The method and the system for extracting the video foreground information provided by the embodiment of the invention have the advantages of small calculated amount, simple method and good effect on the target video with high frame rate and low pixel. In addition, in the embodiment of the invention, the gray scale change information of each pixel at each pixel position is independently processed, so that the parallel computation can be compatible and accelerated, the computation speed is greatly improved, and the information crosstalk between pixels can be reduced. Compared with a frame difference method, the video foreground information extraction method provided by the embodiment of the invention can solve the problem of inaccurate extraction caused by low sampling rate and high foreground movement speed of the frame difference method. Compared with an optical flow method, the video foreground information extraction method provided by the embodiment of the invention has a simpler calculation method and shorter calculation time. The static background value obtained by normal analysis calculation has better accuracy than simple background subtraction, is less influenced by artificial judgment, and has stronger adaptability to different conditions.

Drawings

In order to more clearly illustrate the embodiments of the present invention or the technical solutions in the prior art, the drawings used in the description of the embodiments or the prior art will be briefly described below, and it is obvious that the drawings in the following description are some embodiments of the present invention, and those skilled in the art can also obtain other drawings according to the drawings without creative efforts.

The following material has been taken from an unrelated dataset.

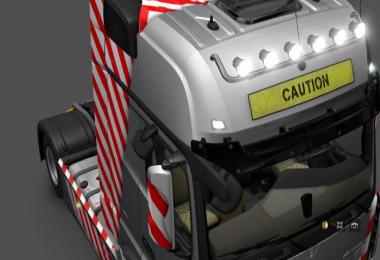 Headlamps with Hella logo 1.24.h - 1.25.0.8s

Fig. 1 is a schematic flow chart of a video foreground information extraction method according to an embodiment of the present invention;

fig. 2a is a schematic diagram of a frame of image in a target video in a video foreground information extraction method according to an embodiment of the present invention;

fig. 2b is a schematic diagram of an image after binarization processing in a video foreground information extraction method according to an embodiment of the present invention;

fig. 3a is a schematic diagram of a frame of image in a target video in a video foreground information extraction method according to an embodiment of the present invention;

fig. 3b is a schematic diagram of an image after binarization processing in the method for extracting video foreground information according to the embodiment of the present invention;

fig. 4a is a schematic diagram of a frame of image in a target video in a video foreground information extraction method according to an embodiment of the present invention;

fig. 4b is a schematic diagram of an image after binarization processing in the method for extracting video foreground information according to the embodiment of the present invention;

fig. 5 is a schematic diagram of gray scale changes in a static period and a dynamic period when a pixel type at a pixel position i in the video foreground information extraction method provided in the embodiment of the present invention is a first type pixel;

fig. 6 is a schematic diagram of gray scale changes in a static period and a dynamic period when the pixel type at the pixel position i in the video foreground information extraction method provided in the embodiment of the present invention is the second type of pixel;

fig. 7 is a schematic view of a complete flow of a video foreground information extraction method according to an embodiment of the present invention;

fig. 8 is a schematic structural diagram of a video foreground information extraction system according to an embodiment of the present invention;

fig. 9 is a schematic structural diagram of an electronic device according to an embodiment of the present invention.

Detailed Description

In order to make the objects, technical solutions and advantages of the embodiments of the present invention clearer, the technical solutions in the embodiments of the present invention will be clearly and completely described below with reference to the drawings in the embodiments of the present invention, and it is obvious that the described embodiments are some, but not all, embodiments of the present invention. All other embodiments, which can be derived by a person skilled in the art from the embodiments given herein without making any creative effort, shall fall within the protection scope of the present invention.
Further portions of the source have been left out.